Dr. Gniffkes Macht um Acht: Im Wortschwall den Verstand ersäuft

Der frühere Tagesschau-Redakteur Volker Bräutigam und Friedhelm Klinkhammer, Ex-Vorsitzender des ver.di-Betriebsverbandes NDR rechnen auf RT Deutsch mit der "distanzlosen und konformistischen" ARD-Berichterstattung zum G7-Gipfel im kanadischen La Malbaie ab.
Dr. Gniffkes Macht um Acht: Im Wortschwall den Verstand ersäuftQuelle: Reuters

von Friedhelm Klinkhammer und Volker Bräutigam

Sprache ist bekanntlich ein Schlüssel des Denkens. Sie verrät deshalb auch das Nicht-Denken. Erweislich zum Beispiel beim Abfassen dieses Glanzstücks von Titel:

Das gelähmte Treffen der Weltenlenker.

Schiefe Sprachbilder, verkorkste Grammatik, verarmte Idiomatik, verbogene Syntax: Alle diese Besonderheiten würde man der Tagesschau nachsehen, wenn sie trotzdem wenigstens halbwegs ihrem staatsvertraglichen (=gesetzlichen) Auftrag gerecht würde: sauber informieren und die Zuschauer in die Lage versetzen, sich ein sachgerechtes Urteil übers Weltgeschehen zu bilden. Stattdessen jedoch lieferte sie auch vom sogenannten G7-Gipfel in Kanada nur säckeweise Absonderungen aus der Floskelfabrik.

Diese hier zum Beispiel:

Sechs Staaten präsentierten ihre Zahlen, und Trump präsentierte seine.
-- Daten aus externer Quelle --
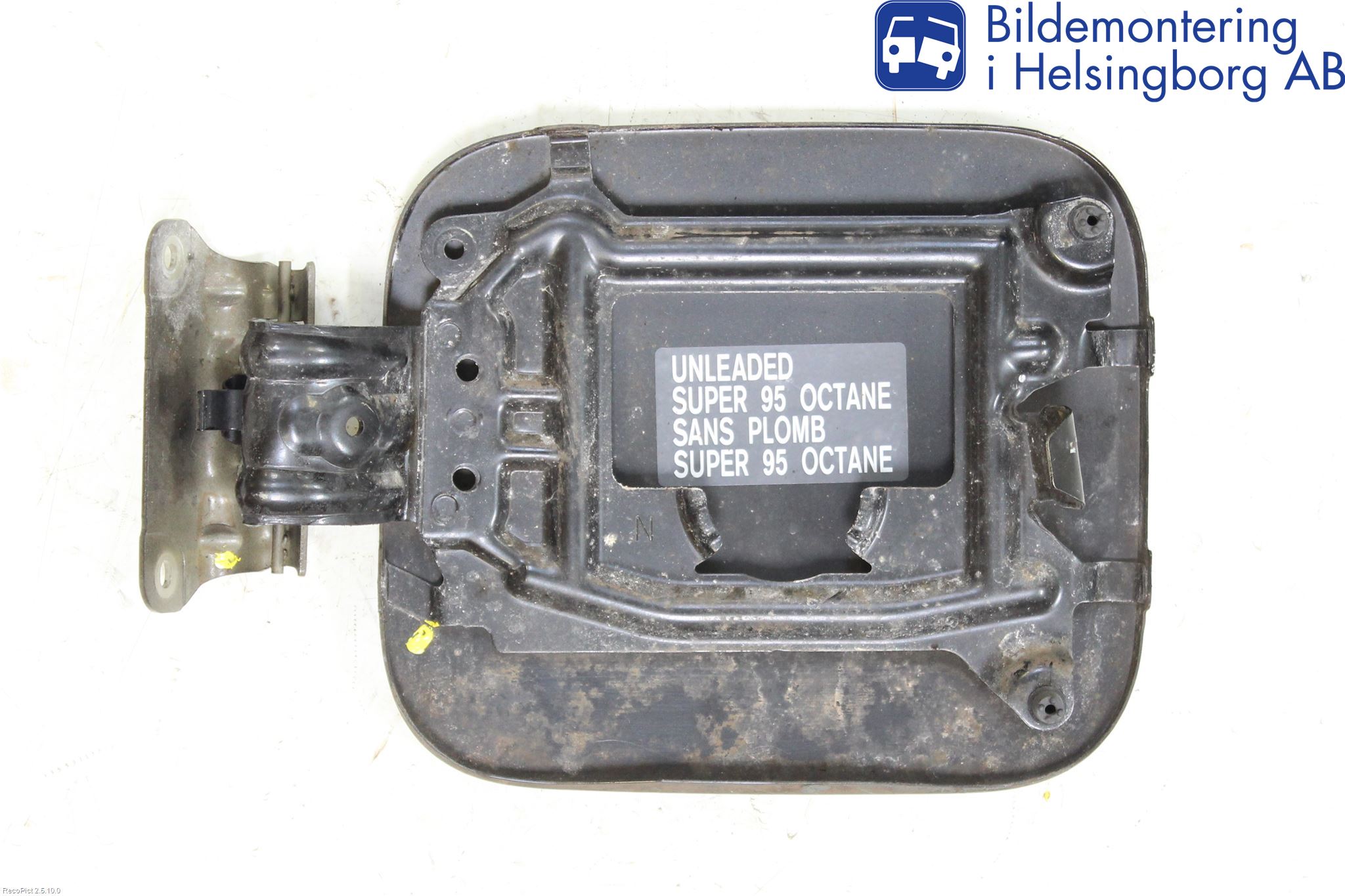 Nissan QASHQAI+2  10-14 Tanklucka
Er habe sich nicht bewegt, heißt es. Im Kern ist es so, dass Trump Wirtschaft für ein Null-Summen-Spiel hält.)

Sind wir jetzt im Bilde? Die fraglichen Zahlen werden nicht genannt, konkrete Fakten ebenfalls nicht. Geboten wird regierungsfromme Meinung anstelle von Information: Trump sei ein Trampel, weil er seine geschniegelten Wertegemeinschaftskumpel der G7 ständig brüskiere. Die Überlegung, ob die übrigen WWG-Repräsentanten die grobe Behandlung nicht herausgefordert und weidlich verdient hatten, durfte nicht aufkommen. Dabei weiß doch jeder: Wer einen Bückling macht, offeriert seinen Hintern für einen kräftigen Tritt in den nämlichen ...

Im russophoben deutschen Medienzirkus fand besondere Erwähnung (im Unterton von Entrüstung), dass Trump seine Kollegen damit foppte, er wolle Präsident Putin wieder in das erlauchte Gremium holen, aus der G7 wieder die alte G8 zu machen. Statt der Rationalität dieser Trump-Idee nachzugehen, beschränkte sich unsere Qualitäts-Journaille darauf, Kanzlerin Merkels Protest wiederzugeben:

Hier sind wir uns einig, dass eine Rückkehr Russlands zum G7 Format nicht erfolgen kann, so lange nicht substanzielle Fortschritte im Blick auf die Probleme mit der Ukraine erreicht worden sind.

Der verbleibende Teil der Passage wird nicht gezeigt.